When Congress let the Sugar Act expire, the market opened up and the Coca-Cola Company thought it would be “in the driver’s seat for the time-being” because the sugar market was deregulated. However, sugar prices increased after the Sugar Act expired, international markets grew, and the demand of sugar increased. The steadiness of sugar prices went into a tail spin, and Coca-Cola needed a sweetener for its product that had consistent pricing.
“Coke and its industry partners were tired of this roller coaster ride,” writes Elmore. “They felt captive to the ebb and flow of global sugar market trends, and they had little faith that the volatility would ever subside. They wanted out. If there were any alternative to sugar that would free Coke from its dependence on this unpredictable trade market in the United States, the company was willing to try it.”
Coca-Cola would find that stably-priced sweetener in high-fructose corn syrup. High-fructose corn syrup was sweeter than an equal amount of sugar, meaning less could be used to the same effect as sugar, and since America has a massive corn market, there was plenty to go around.
Now that Coca-Cola had secured an effective, economical, and less-costly sweetener, more soda could be produced. The trick was in the packaging. Coca-Cola was able to decrease price per ounce of soda, enabling the company to move more product per package, thus the increase from eight-ounce bottles to 20 ounce bottles.

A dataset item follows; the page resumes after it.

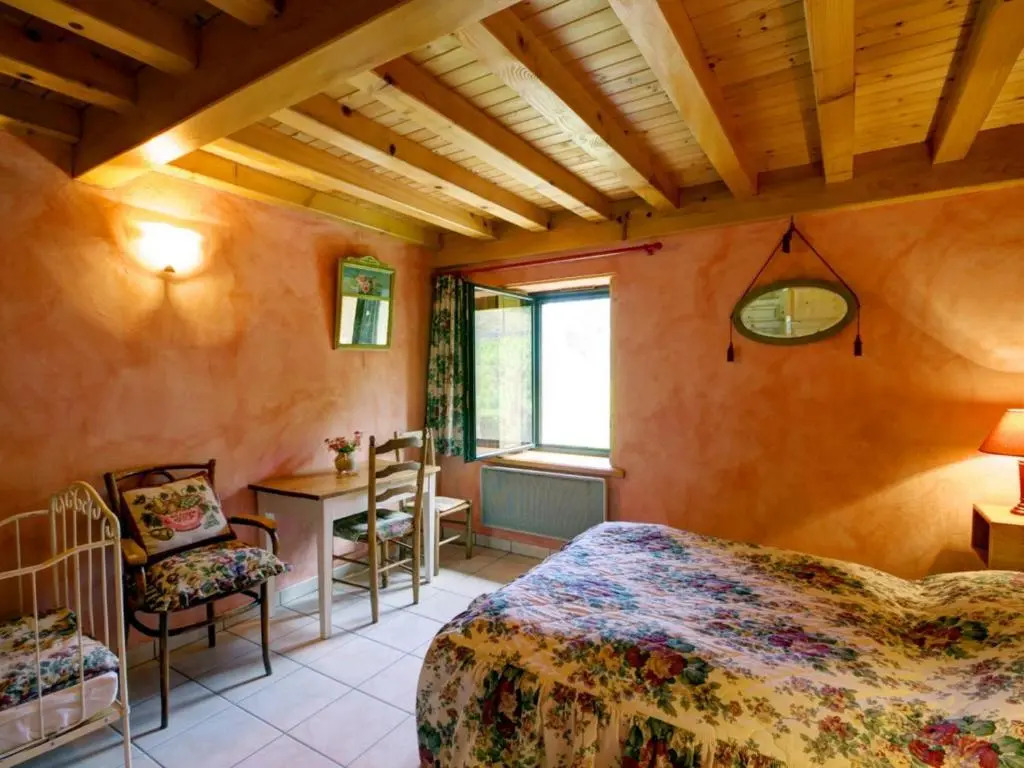 Gîte authentique 6 pers avec jardin à Marols - FR-1-496-1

It was until Coca-Cola’s relationship with McDonald’s was at it’s peak when American consumers would be flooded with soda.
“McDonald’s, Coke’s largest customer in the 1990s with over 14,000 restaurants worldwide in 1993 (3,654 overseas), was the real mastermind of this supersized sales strategy,” Elmore writes. “In 1993, a McDonald’s retail strategist named David Wallerstein first introduced the concept of supersizing.”

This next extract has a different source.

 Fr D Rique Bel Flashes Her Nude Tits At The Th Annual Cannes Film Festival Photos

When the McDonald’s supersize option was introduced, cup sizes increased to a monstrous 64 oz., subsequently increasing the American annual consumption of soft drinks from 28.7 gallons in the 80s to 36.8 gallons per American in 1998. Americans were drinking more soda, contributing to the increase in obesity rates.
Corporate America does more than hurt the low-income families of America with things like shifting the tax burden onto us, it’s literally killing us. Because corporations use manipulative advertising tactics and “buy more than you need” product deals, Americans are consuming more unhealthy things than ever before.